Report: The media's gender bias extends to climate coverage

Women are quoted on climate change less than 15 percent of the time

Published April 22, 2014 8:00PM (EDT)

Solely based on the scant amount of time it dedicates to the issue, the media's coverage of climate change could already be characterized as a major disappointment. When you start looking more closely at whom major news networks and print publications turn to as expert sources, the picture is even more disheartening.

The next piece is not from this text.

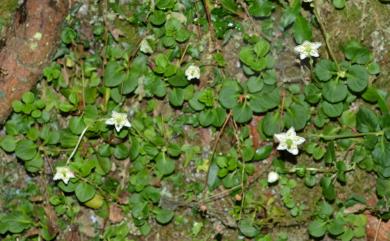 Moneses uniflora (L.) A. Gray 單花鹿蹄草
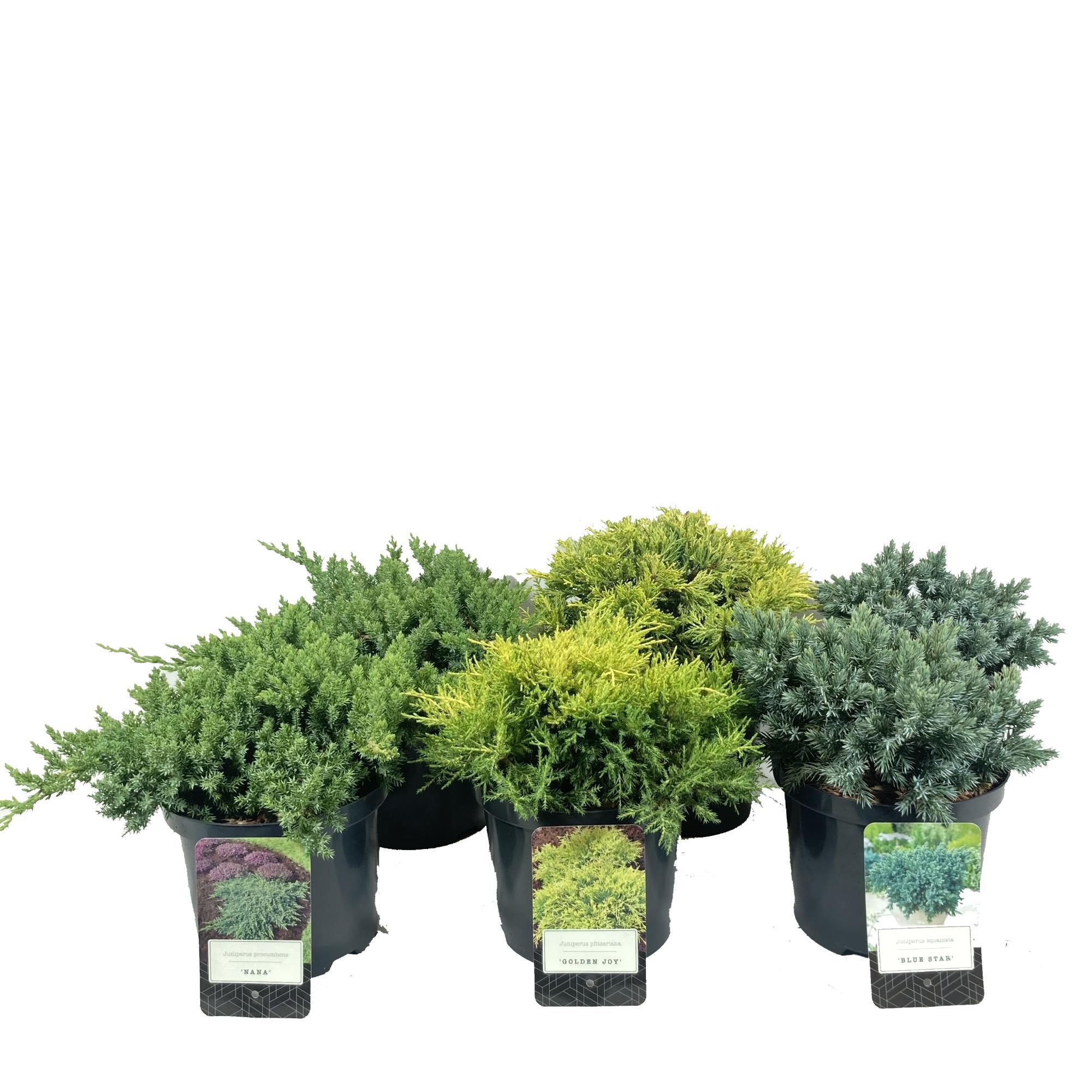 Juniperus mix laag 3x8 stuks C2.5, D 18 cm Juniperus mix laag 3x8 stuks C2.5, D 18 cm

This is according to Media Matters, which delved into its previous reports on media coverage of the U.N. climate reports, and on broadcast news' general coverage of climate change, to find that when the media does decide to talk about these issues, the conversation is overwhelmingly dominated by men. The gender gap looks something like this:

This is despite the fact that some of the leading figures talking about climate change today are female: They include the U.N. climate chief, Christiana Figueres, along with the current and former heads of the EPA, Gina McCarthy and Lisa Jackson.

Of course, as Media Matters acknowledges, this representation problem goes beyond the media: There's a significant female brain drain in the climate sciences. In many cases, the biases are subtle, but it doesn't help that Rush Limbaugh has dismissed two prominent female climate scientists as "babes," or that women targeted for their climate-based research are often the recipients of gender-specific abuse.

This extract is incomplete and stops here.